Сапожник – седой, с мальчишеским сложением, в черной рубахе, тюбетейке, облаченный, как в латы, под горло, в клеенчатый фартук, орудуя цыганской иглой, со скрипом подтягивал дратву, постукивал по свежему шву молоточком – латал кожаный мяч.
Отдыхающие, уморенные солнцем, купаньем, обедом, в обнимку с надувными кругами, матрасами, пляжными зонтами, с сумками через плечо, препоясанные газовыми шалями, полотенцами, вихляя филеями, шаркая сланцами, едва плелись по тротуару теневой стороны. Солнечные мягкие пятна и мозаика листвы обтекали их лица, волосы, кожу. Стукнув калиткой, они вешали мокрое белье на веревки и шлепали по направлению к кроватям.
Отдышавшись, я встал в сторонке и вытащил зубами пробку. Хлебнул.
Старик мельком глянул, выругался и достал из-под табуретки граненый стакан. Дунул в донце, протянул.
– А вам? – спросил я, принимая.
– При исполнении, – подмигнул старик. Налил до краев и, обнаружив, что страшно дрожат руки, быстро понес к губам, расплескал, выпил. Налил остаток, протянул старику.
Зажав в зубах нитку, подтягивая пассатижами иглу, сапожник мотнул головой, – и я снова выпил.
– Извините, – спросил я, покачнувшись. – Интересуюсь. В том доме кто живет?
Скоро я сидел на скамейке и забивал с ладони козеножку, обильно рассыпая по голым коленям крошки. Наконец прикурил, с легким треском зашлась, и затяжка обожгла дыхалку.

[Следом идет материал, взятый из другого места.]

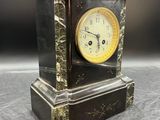 une horloge noire et or posée sur une table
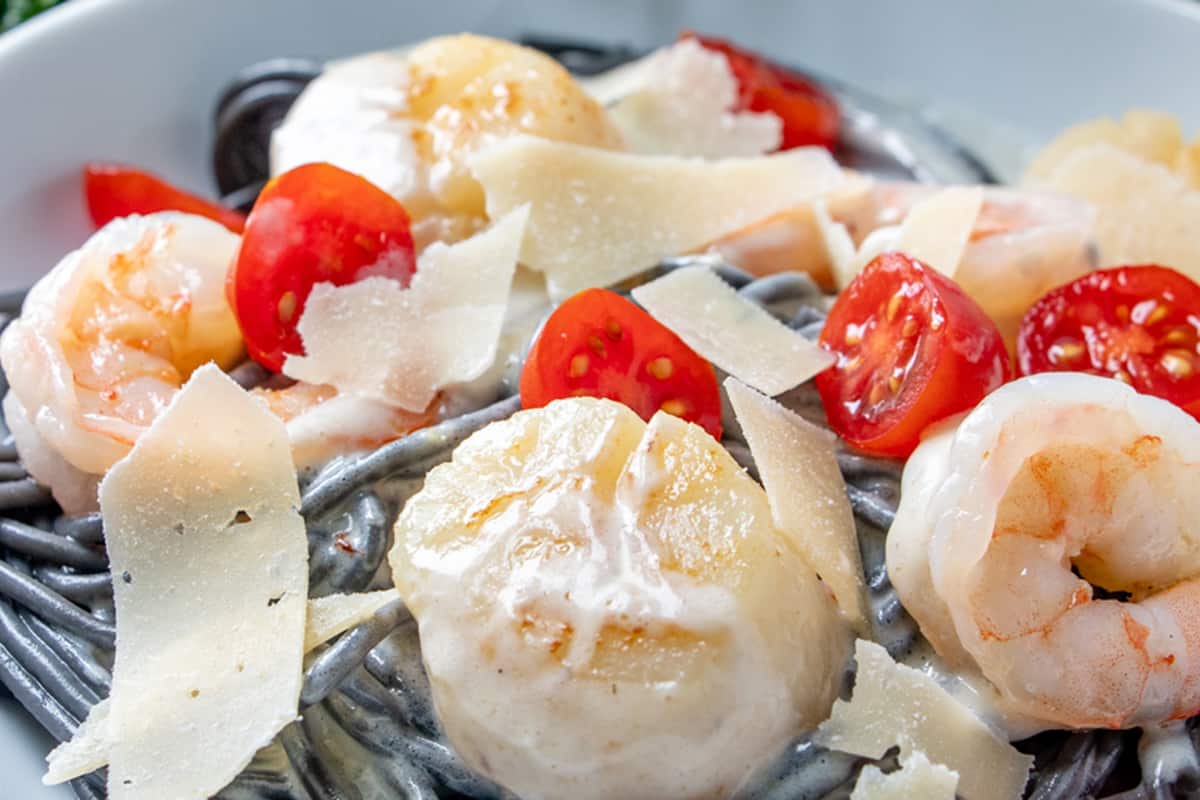 close up of scallop with black pasta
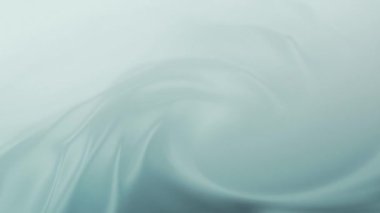 Yumuşak pastel yeşili kıvrımlı, ruhani dalgalarla soyut bir arka plan. Yumuşak akışkan hareket sakinlik ve sükunet hissi yaratır ve rahatlatıcı ve barışçıl bir ortam yayar..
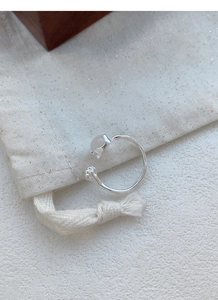 Detail of S925 silver ring with chalcedony bud design on beige linen jewelry bag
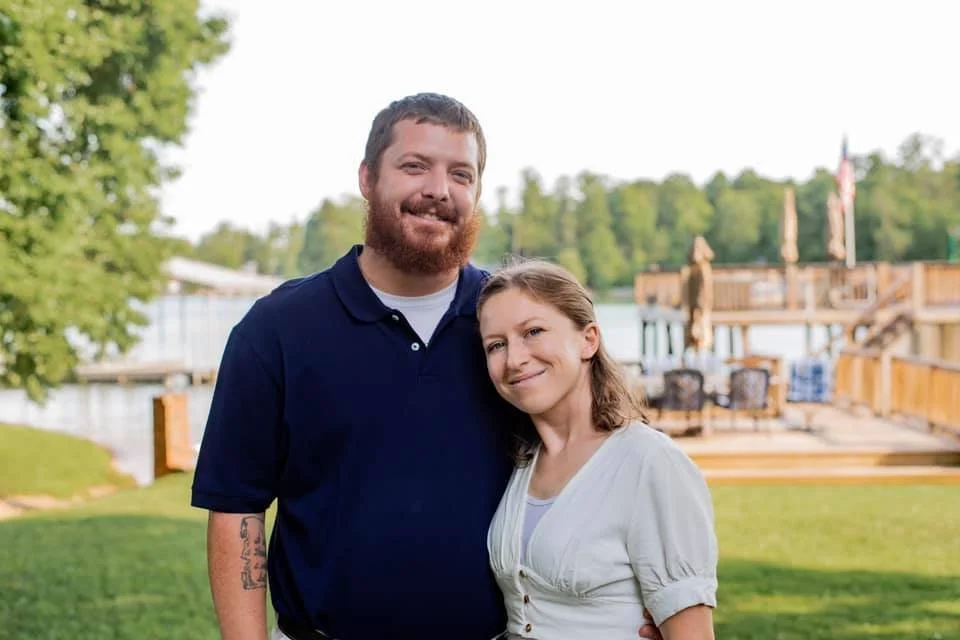 A smiling man with a beard and a woman with shoulder-length hair standing outdoors near a lake or river with a wooden deck and green trees in the background.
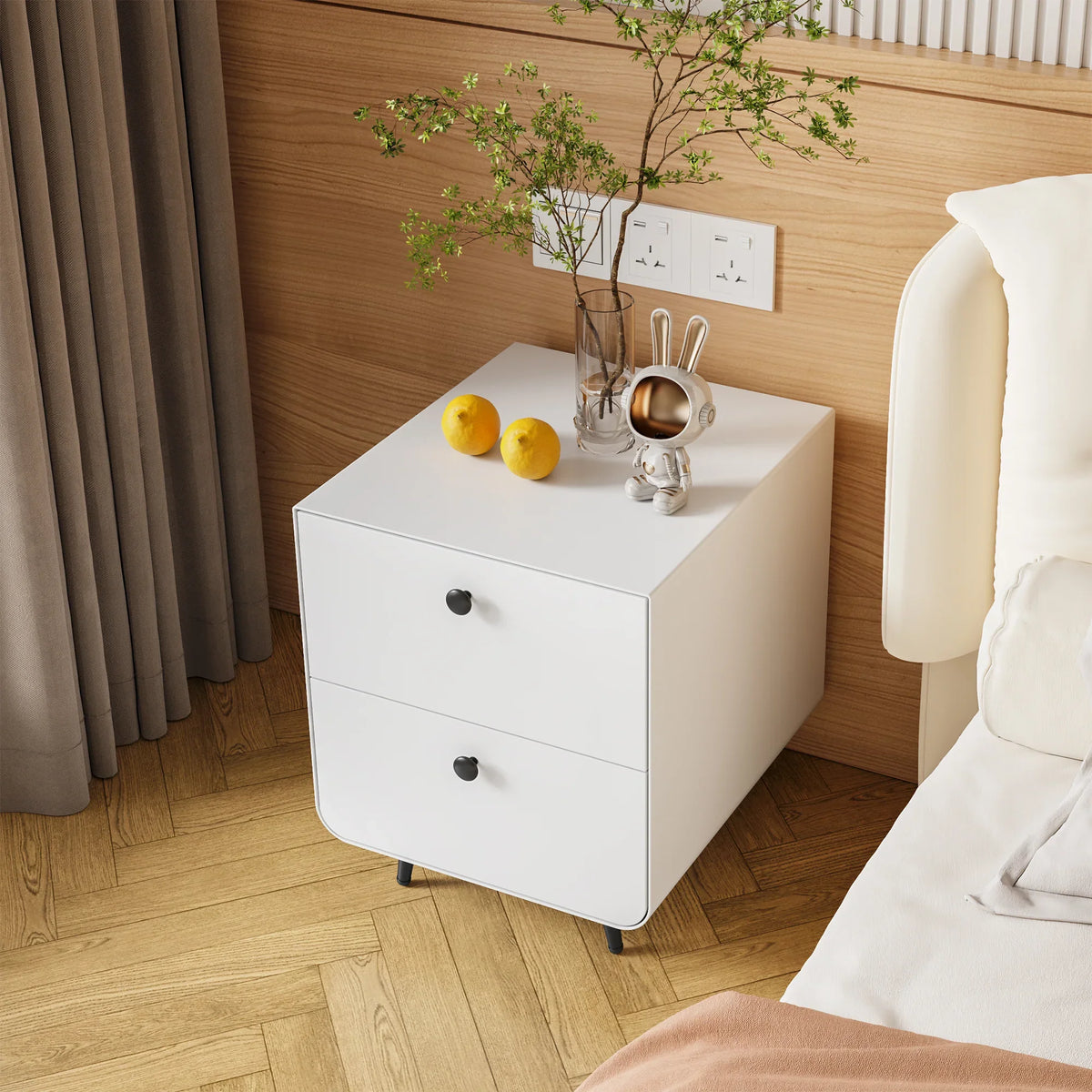 Modern white eprolo night stand storage cabinet with two drawers in a bedroom setting.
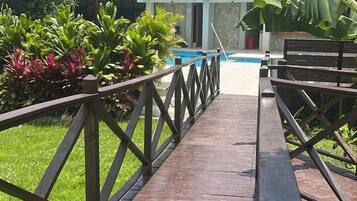 Outdoor pool, pool umbrellas, sun loungers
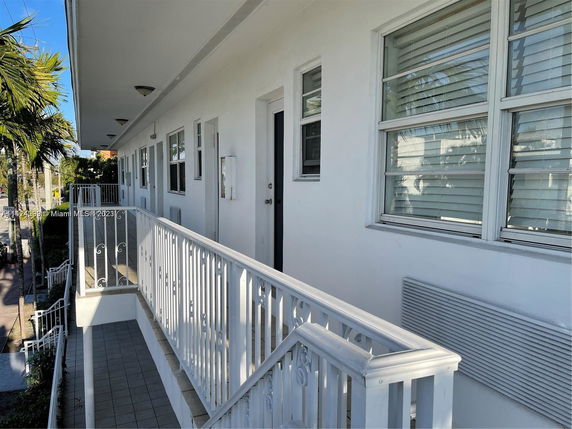 Exterior walkway of a two-story building with white railing and windows.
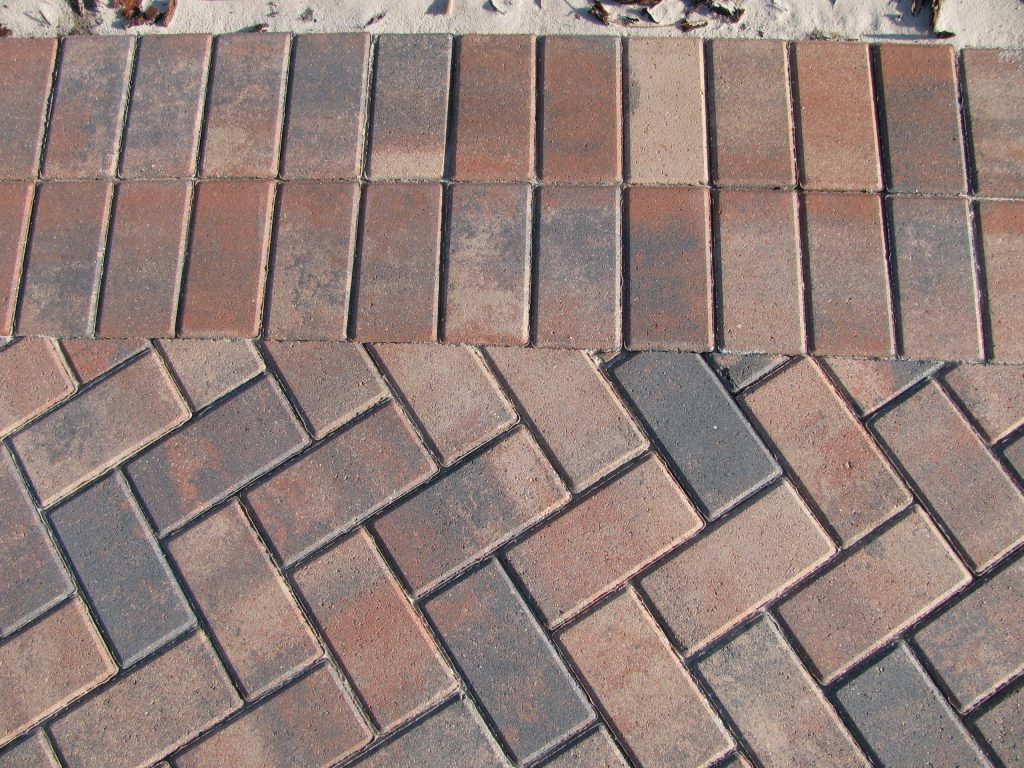 The same walkway after sealing, deep red with the border defined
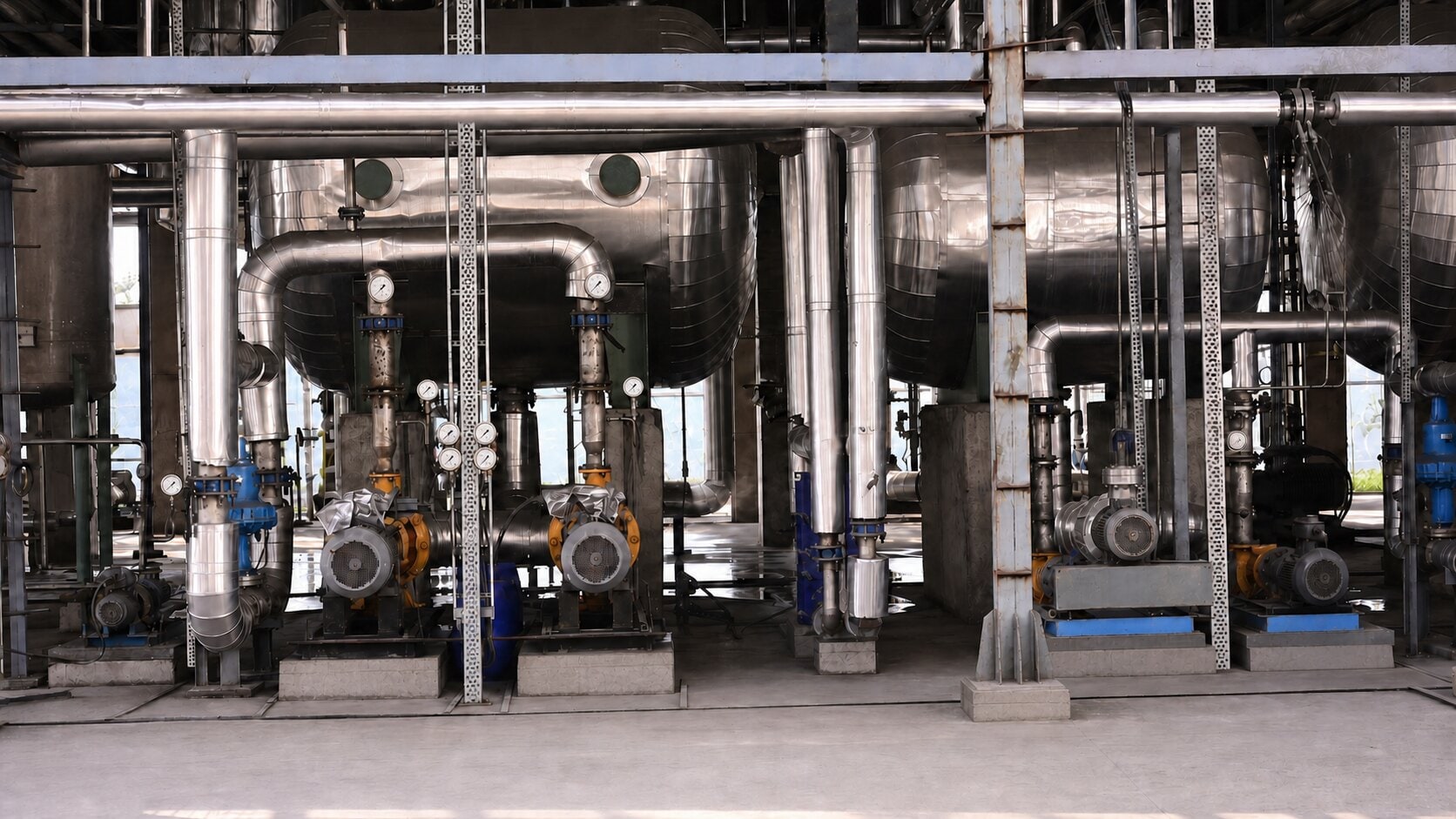 Inside the Inland Green Energy ethanol distillery — stainless distillation columns, insulated pipework and pump skids.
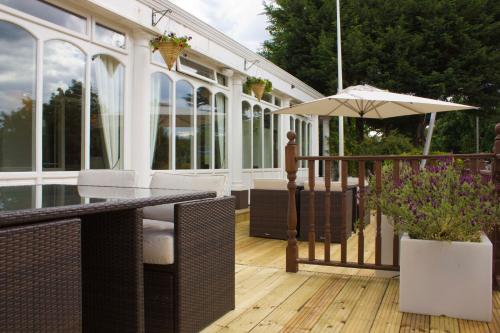 a deck with a table and an umbrella at The Falcon Hotel in Farnborough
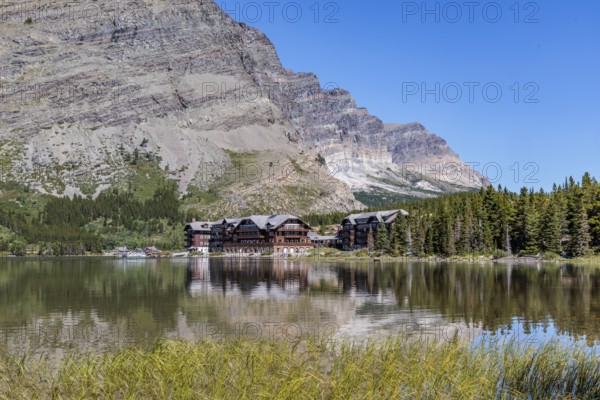 240831_319 Many Glacier Hotel at the bae of the mountains along the shoreline of Swiftcurrent Lake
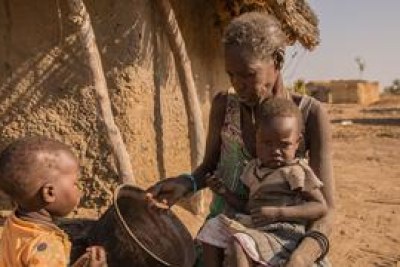 Une mère donne de la bouillie de sorgho à ses enfants. Un nombre croissant d'enfants du nord du Bahr el Ghazal et de Warrap au Soudan du Sud ne prennent qu'un seul repas par jour.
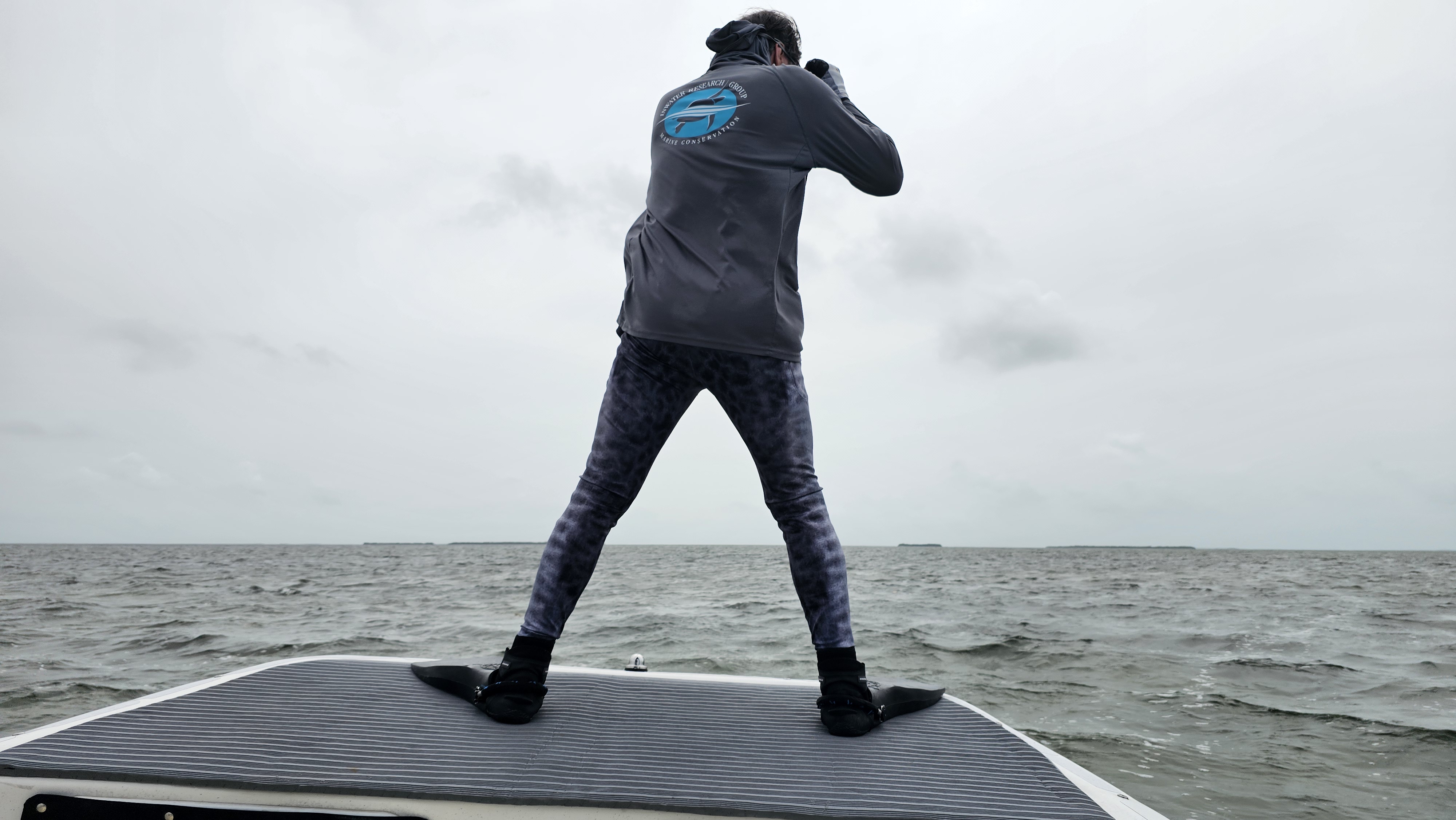 Observer standing on the bow of the research vessel scanning for sea turtles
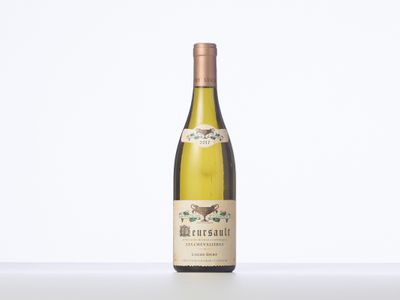 a bottle of white wine sitting on top of a table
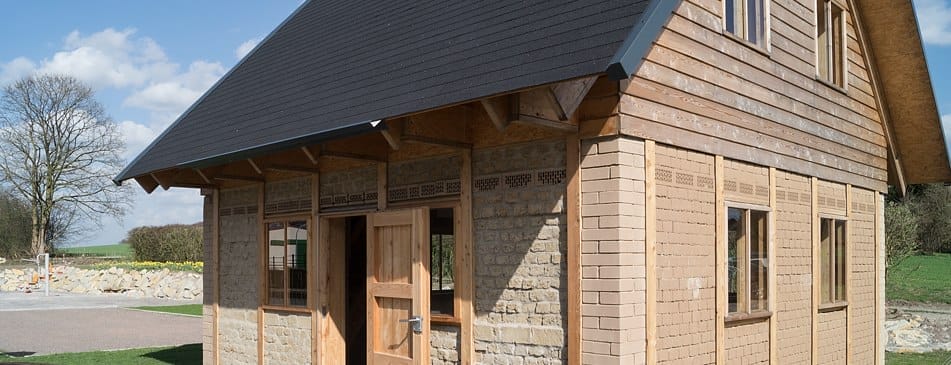 Neues Holzhaus mit dunklem Dach und Naturstein- sowie Holzfassade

В который раз к ларьку, за которым я примостился, кто-то подходил или подъезжала машина, кто-то обязательно стучал в жалюзи, потом в дверь и кричал:
– Тань, а Тань?
После чего шел ко мне. Интересовался:
– Слышь, Татьяну не видел? Не была, нет? Я уж хотел что-то в следующий раз соврать про Татьяну, но тут трава пробила, и спазма швырнула меня за скамью, к оврагу, опорожняя от портвейна.
Только проблевавшись, я смог понять то, что сказал мне сапожник. Что тут в Мисхоре нынче полно москвичей, за бесценок покупают дома, но больше квартиры. Прошлым летом этот заброшенный дом купил какой-то человек, немолодой, полтинник есть точно, приезжал сюда с ней, вроде с дочкой, красавица какая, собака была, и парнишка еще с ними лет двенадцати, прибыли на машине. Вот здесь ставил – здоровая такая, вроде американская, в кино такую видел, под самую будку подкатывал, да я-то чего, я не против, лишь бы людям где проход был. Почему знаю? Видел их часто, я ему еще кроссовки починял, один каши просил. Почему страшно? Собака как собака, большая только, на всю дурь мозгов не хватит, это верно. Так вот прошлый год побыли месяц, да пропали. А этой весной, еще в конце марта, смотрю – он вдруг привозит ее и собаку. Ну, значит, привез, ночь одну машина постояла, и после не видал я его. Зато она тут как-то проходила мимо, поздоровалась. Я как глянул на нее, аж заплакал: «Дочка, что с тобой случилось?» – «Обожглась, дедушка, вот так-то. Хорошо еще жива осталась». Я говорю, конечно, что ж поделать, ничего, с лица воду не пить. Ну пошла она, вот и разминулись. Гляжу ей вслед, фигурка легкая, длинноногая девчушка, красоты неписаной, – а у самого сердце болит, за что так.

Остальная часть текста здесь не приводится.